:: THE INPUT ::

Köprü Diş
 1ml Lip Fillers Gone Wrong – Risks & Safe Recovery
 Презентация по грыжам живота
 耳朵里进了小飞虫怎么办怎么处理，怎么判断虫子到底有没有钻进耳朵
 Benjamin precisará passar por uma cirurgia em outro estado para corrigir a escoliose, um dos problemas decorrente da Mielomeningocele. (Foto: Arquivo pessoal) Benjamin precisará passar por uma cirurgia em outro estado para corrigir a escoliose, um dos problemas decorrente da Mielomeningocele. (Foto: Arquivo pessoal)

:::

■ EXERCISE DESCRIPTION
Start at the top line of the records and retype them all exactly.

■ SOLUTION TO THIS PROBLEM
Köprü Diş
 1ml Lip Fillers Gone Wrong – Risks & Safe Recovery
 Презентация по грыжам живота
 耳朵里进了小飞虫怎么办怎么处理，怎么判断虫子到底有没有钻进耳朵
 Benjamin precisará passar por uma cirurgia em outro estado para corrigir a escoliose, um dos problemas decorrente da Mielomeningocele. (Foto: Arquivo pessoal) Benjamin precisará passar por uma cirurgia em outro estado para corrigir a escoliose, um dos problemas decorrente da Mielomeningocele. (Foto: Arquivo pessoal)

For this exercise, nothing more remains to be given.